You will sit, Madame, they said, many
good books, they said, and only one hour,
a short little Arles-like hour is all
it will take, and it was, and now, in
V’s painting before me, she sits,
in cobalt blue and black—the costume here—
and a muslin scarf—turquoise-green,
and soft, like a shallow sea, and a lacy
white flower embroidered in a corner,
her black hair curling above her forehead,
her hand to her cheek. By the look on her face—
her chalk-dark skin, her eyelids orange,
and her lips, orange too, and tight together—
she must have been thinking: I can’t
read these books, the pages crinkled
and bent, the covers tattered. And I hate
this orange chair. I understand her. I don’t
blame her.
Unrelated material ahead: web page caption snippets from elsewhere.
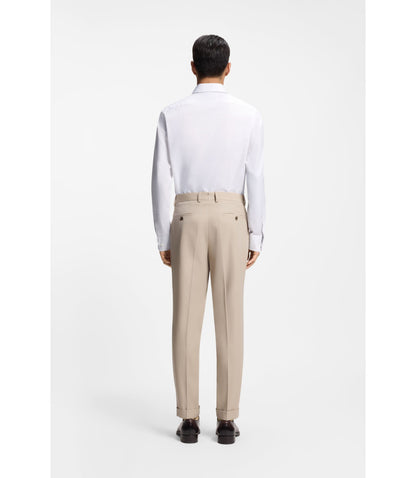 Boss Striped Regular Fit Shirt In Italian Made Cotton Silver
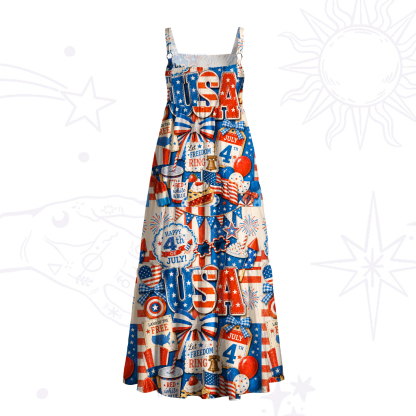 Purplehecate 4th of July Fireworks & Flags Wide Straps Maxi Dress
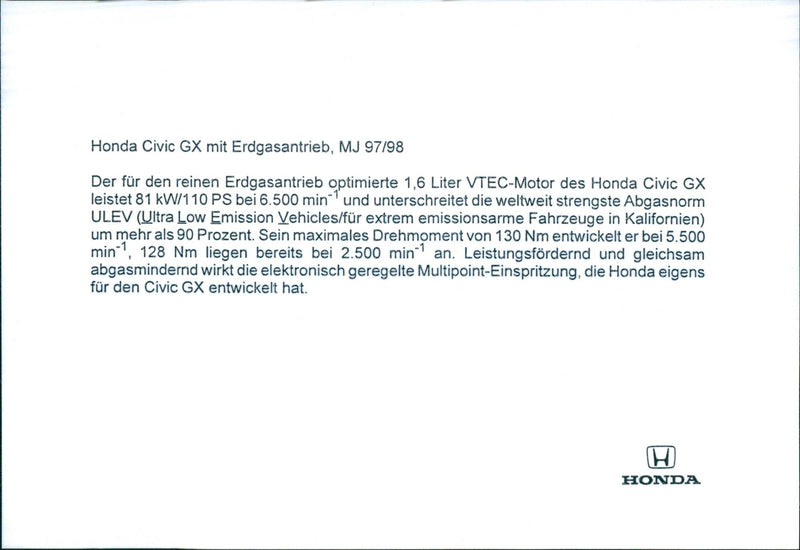 '97/'98 Honda Civic GX - Vintage Photograph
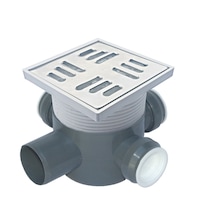 Sifon pardoseala cu 3 intrari de 40 ,cu iesire laterala de 50,cu Inaltator 110x110, Gratar Inox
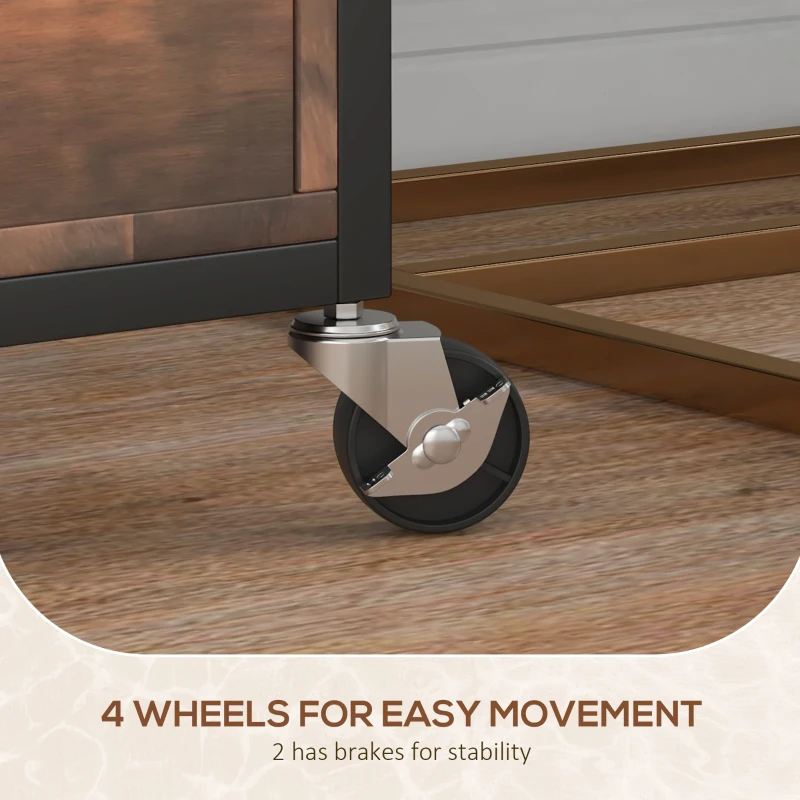 Vinsetto Mobile Filing Cabinet 2 Drawer File Cabinet with Key Adjustable Hanging Bar for Letter A4 and Legal Size Rustic Brown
But oh, the wonder of your face,
Madame, the wonder of what it took.

BRUSH BRISTLE LOVE

Bedroom in Arles
Vincent Van Gogh, 1888

His bedroom—the heavy, oak bed,
the wooden chairs, the little table with
a porcelain pitcher and bowl, sweetsmelly
water in two small jars, the damp towel
by the door to the toilet, pegs
with blue shirts hanging, and a shelf
with a yellow hat—which he hardly wears.
But I ask him: why not flowers, or a lane, or
wheat again, or the sea or boats
or mountains or vineyard women
in veils? Why your room? It is stable,
he says. Stationary, and under a sturdy roof.
A sanctuary. And the floor is swept—you swept it
yourself. I need stability to hold to.
So he’ll paint his room, and with his
brushes, of course—china bristle,
flats and filberts, brights and rounds. And
he’ll lose a bristle with a stroke sometimes,
then pick it from the paint and flick it, or
he’ll rub it on his trousers, or his jacket,
and it will dry. I have found those bristles
on the floor, even on the grass outside.
And I have gathered them. I’ll find more now,
when I sweep, and I’ll collect them too, one
at a time, and lay each one in a fold
of a cotton cloth, and later, at night, place them
on my bed, the blanket drawn down, the sheet
white and flat, and I’ll take the softest sable
and roll it back and forth between
my fingertip and thumb, feel its tiny heft,
then hold it by its narrow end, stand before
the mirror, tilt in close and draw it across my eye—
the cornea, the sclera white—feel it
gripped by moisture there, the gentle
viscosity of tears beginning to well.
And I will cry for these bristles—that were
once his brush, his voice, his eyes.